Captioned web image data
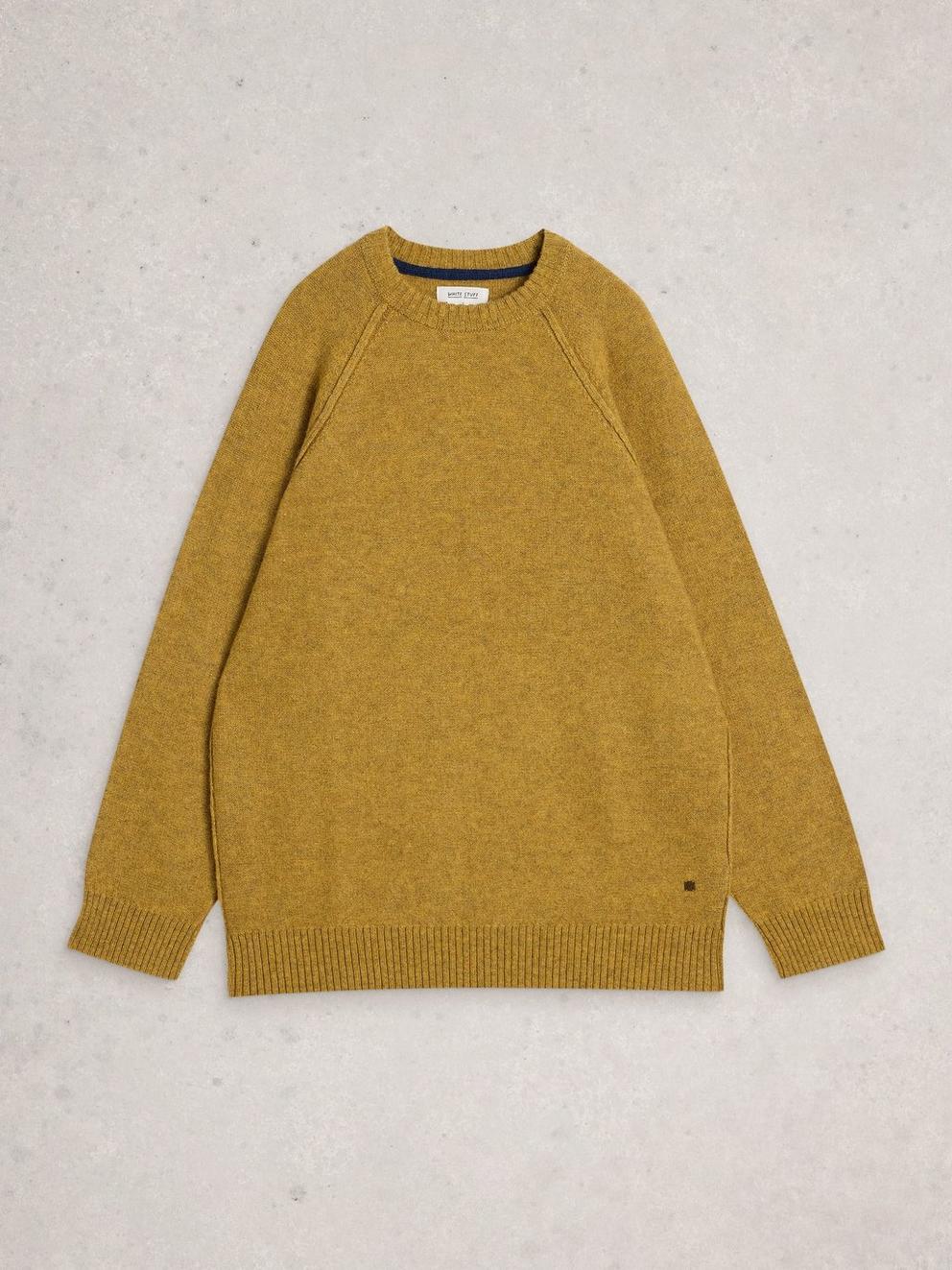 Milton Lambswool Crew in MID YELLOW - FLAT FRONT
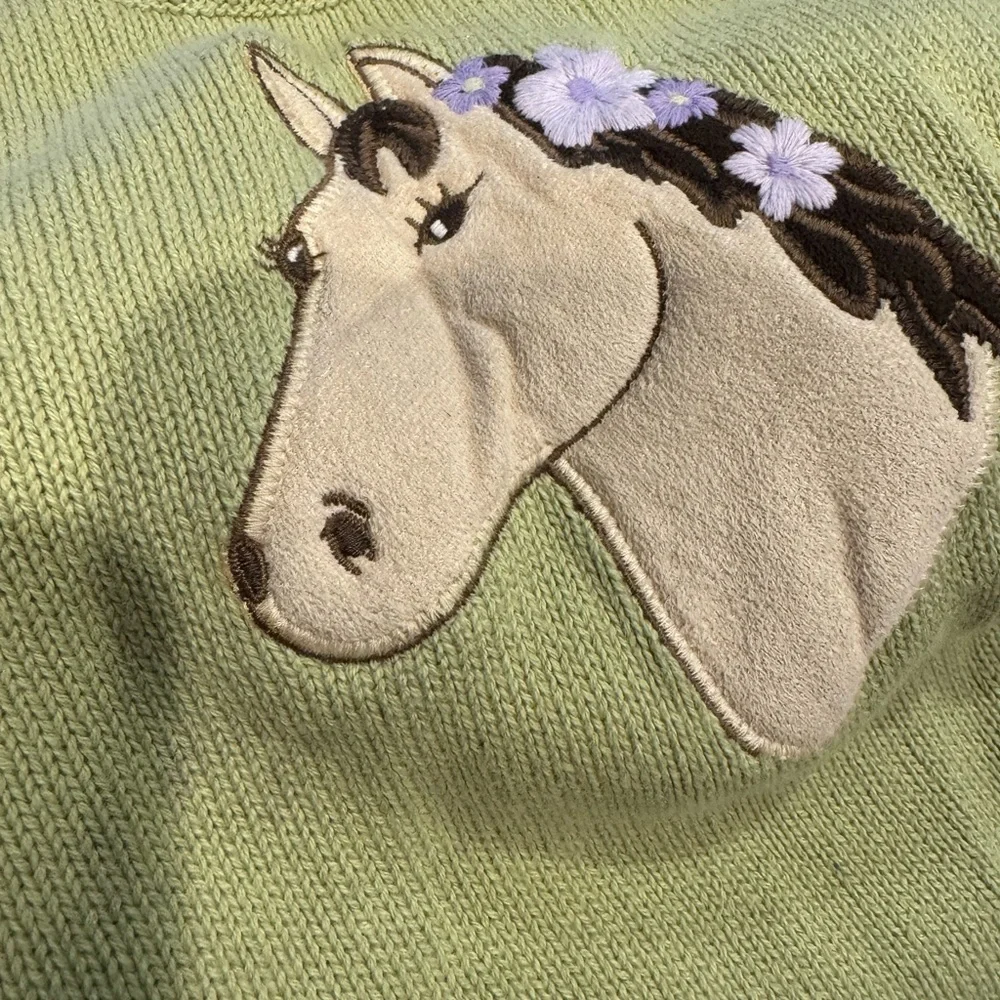 Gymboree Girl 3-4T Horse Appliqué Green Sweater Vest Dress 100% Cotton I Boho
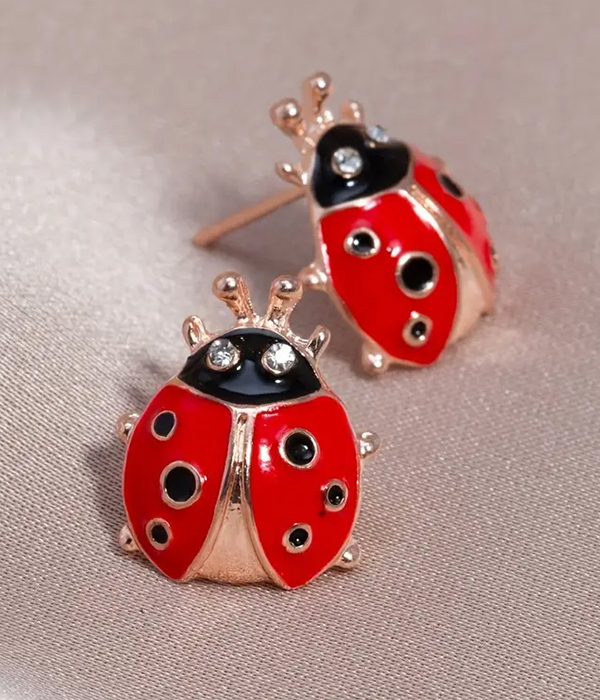 Epoxy ladybug earring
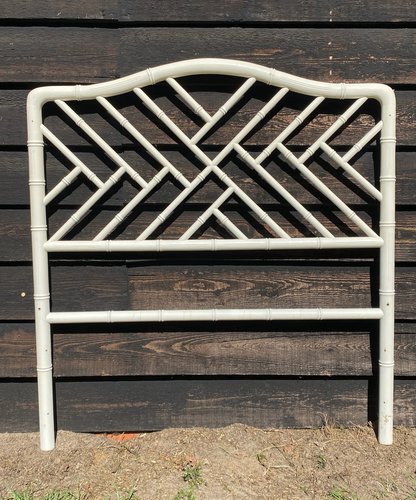 Mid Century White Lacquered Headboard in Faux Bamboo
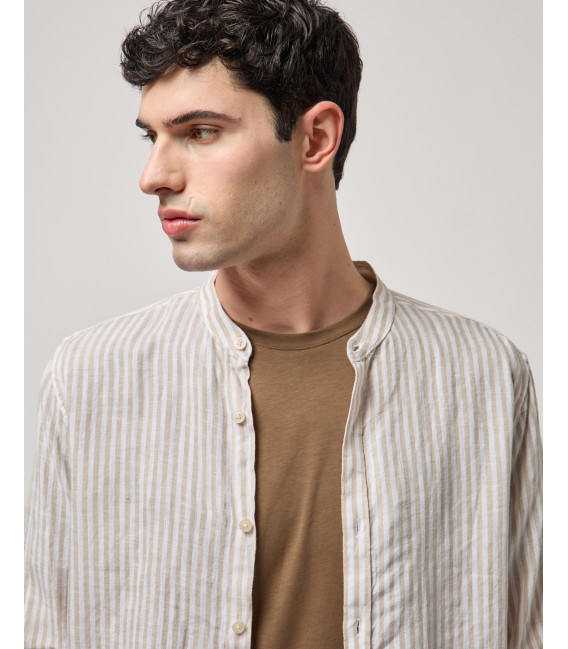Striped mandarin linen shirt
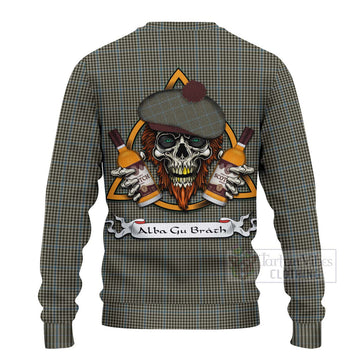 Tartan Vibes Clothing Haig Tartan Knitted Sweater with Family Crest and Bearded Skull Holding Bottles of Whiskey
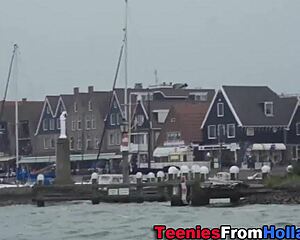 bold teen blondes finger lick small tits on outdoor boat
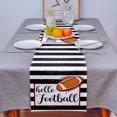 thumbnail image 2 of Table Runner Dresser Scarf 13 x 72 Inch Hello Football Black and White Stripes Table Runners Non-Slip Heat Kitchen Dining Table Decor for Kitchen Farmhouse Indoor Outdoor Home Party, 2 of 7
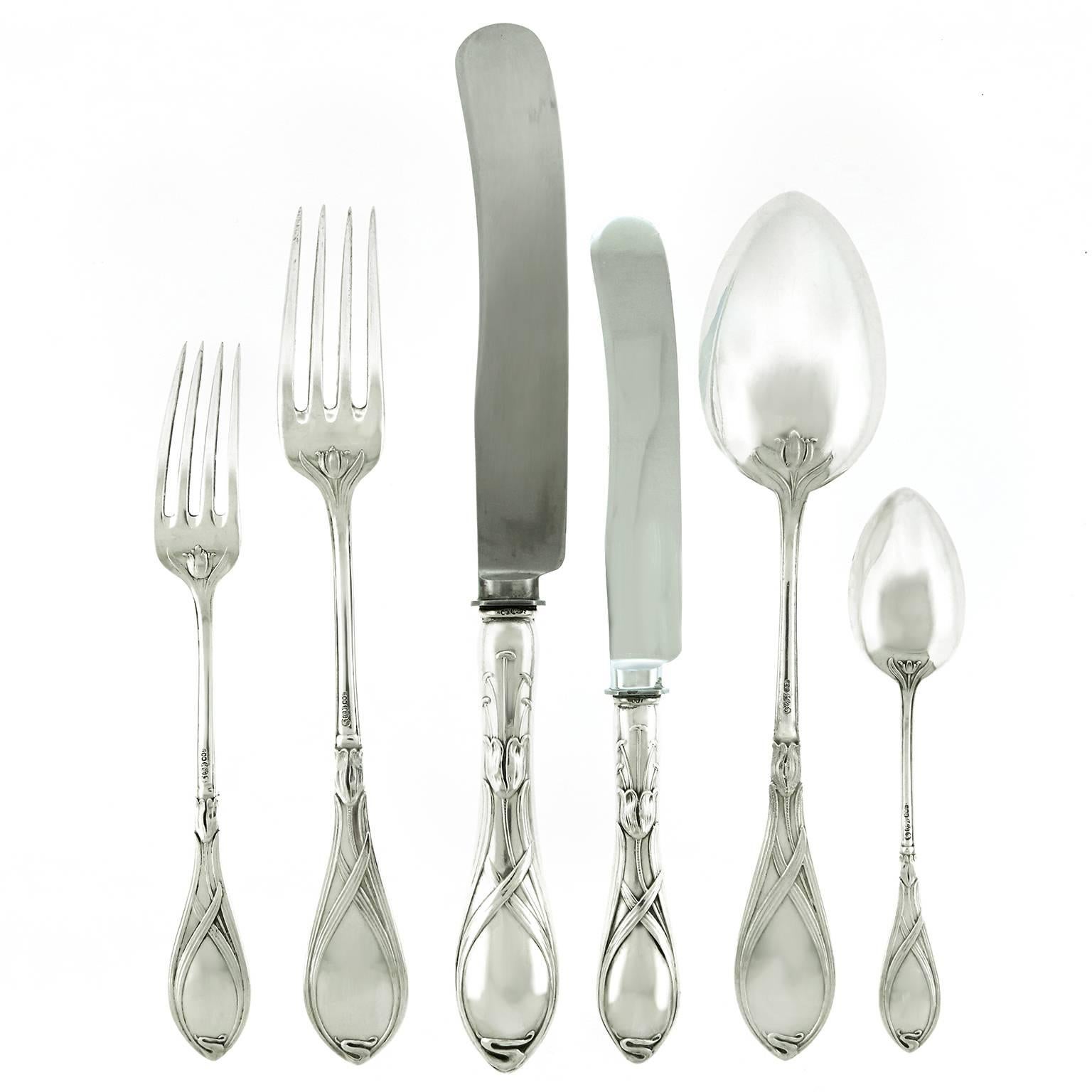 20th Century Art Nouveau/Jugenstil Sterling Flatware Set For Sale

Problem
Retype the data above exactly. Do not carry over any images.

Your solution
 Milton Lambswool Crew in MID YELLOW - FLAT FRONT
 Gymboree Girl 3-4T Horse Appliqué Green Sweater Vest Dress 100% Cotton I Boho
 Epoxy ladybug earring
 Mid Century White Lacquered Headboard in Faux Bamboo
Striped mandarin linen shirt
 Tartan Vibes Clothing Haig Tartan Knitted Sweater with Family Crest and Bearded Skull Holding Bottles of Whiskey
 bold teen blondes finger lick small tits on outdoor boat
 thumbnail image 2 of Table Runner Dresser Scarf 13 x 72 Inch Hello Football Black and White Stripes Table Runners Non-Slip Heat Kitchen Dining Table Decor for Kitchen Farmhouse Indoor Outdoor Home Party, 2 of 7
 20th Century Art Nouveau/Jugenstil Sterling Flatware Set For Sale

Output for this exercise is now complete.